Big Idea: Minutes and seconds

Area of my life: Clocks

Recently, the analogue clock in my room broke down. I didn’t think to repair it, because I have digital clocks on my laptop and my phone, so I didn’t need it. Right now, the clock is sitting on my desk back home. But while doing homework for Precalc, it occurred to me that every angle on the clock is a way of measuring degrees with minutes and seconds; for example, six o’clock is 180° 0′ 0″. 3:15 is about 7.5°, which is equivalent to 7° 30′ 0″. Theoretically, you could tell the time exclusively in angle measurements, as long as you specified which hour it was (as the hands form every possible angle every hour, when the minute hand makes a full 360° rotation.)

“What time is it?”

“Twenty-four point seven two, under the fourth hour.”

2. Visual

Displayed above is an old diagram depicting the use of triangulation, or the process of using known angles and lengths to calculate extraordinary lengths and distances. By using the basic functions of sine, cosine, and tangent, as well as just a few pieces of information, mathematicians, surveyors, and navigators can use triangles (hence the term “triangulation”) to inform themselves about distance and territory.  This process is still used today by satellites and GPS navigators, albeit with more sophisticated technology than described above.
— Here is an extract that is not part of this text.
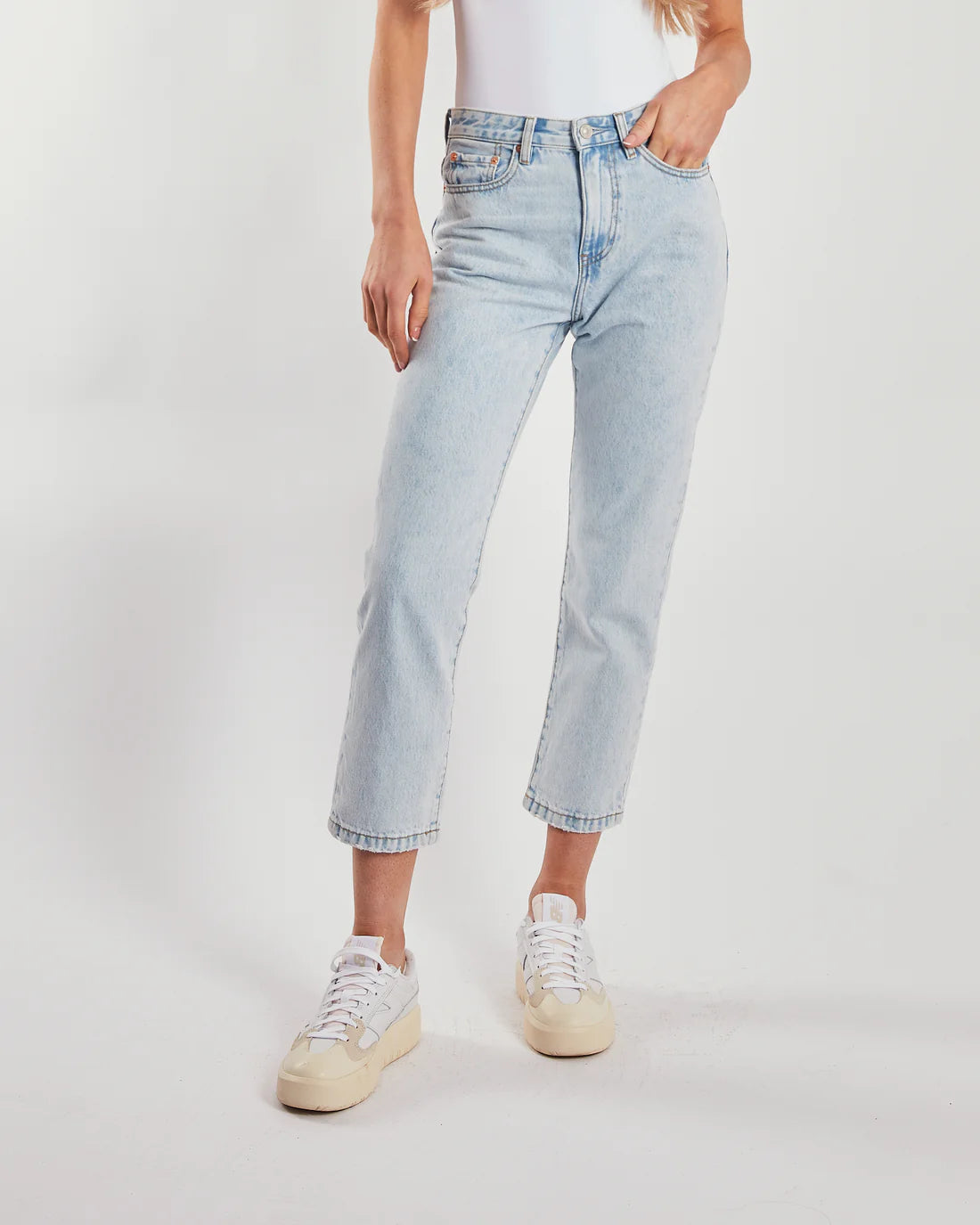 DIESEL : Kendra Straight Leg Jean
For example, in the above, the mathematicians have the angle made by the intersection of the hypotenuse and base, and are trying to find the length of the remaining leg. Let’s say that angle measures 60°, the base is 3 feet long. By using the tangent function of opposite/adjacent, they could set up the equation tan(60°)=x/3, or 3(tan(60°))=opposite. Now they know that the length of that lake is 3(tan(60°)) feet.

3. Analogy

Converting degrees to radians is like baking a cake. Flour, like degrees, is a useful substance but cannot be used alone in more complicated foodstuffs – just as degrees are useful units of measurement, but cannot be used alone in more complicated calculus.

To use flour in baking, you must:

a) Measure out how much flour you have/need. (You must measure the angle to have the correct measurement in degrees.
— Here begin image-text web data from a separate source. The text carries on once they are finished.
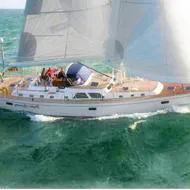 Hylas Sailboats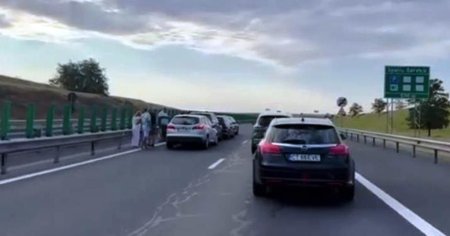 Alerta pe Autostrada Soarelui. Pericol de accidente din cauza <span style='background:#EDF514'>PLOI</span>lor torentiale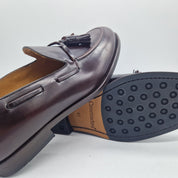 MOCASÍN DE BORLAS EN PIEL MARRÓN - 72181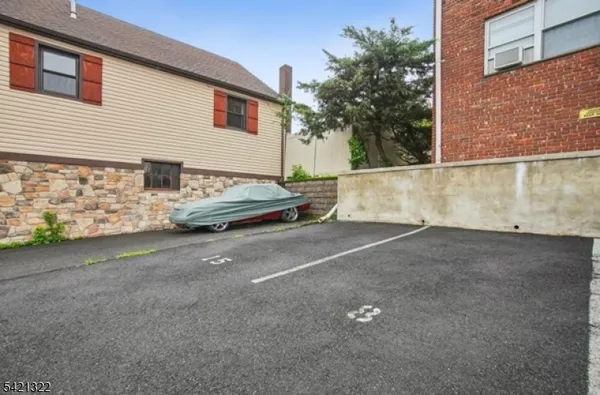 $2,000 | 59 Brighton Avenue, Belleville, NJ 07109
b) Combine it with some other dry good to make it taste better. (Multiply the measure in degrees by pi/180.)

c) Mix it around to combine and beat out any problematic air bubbles that could interfere in the baking process. (Simplify the expression to the furthest extent you can, to avoid unnecessarily difficult calculations.)

d) You are now prepared to bake your mix (find an arc length, or any other functions involving a radian). In both situations, the end result will have pi(e) in it.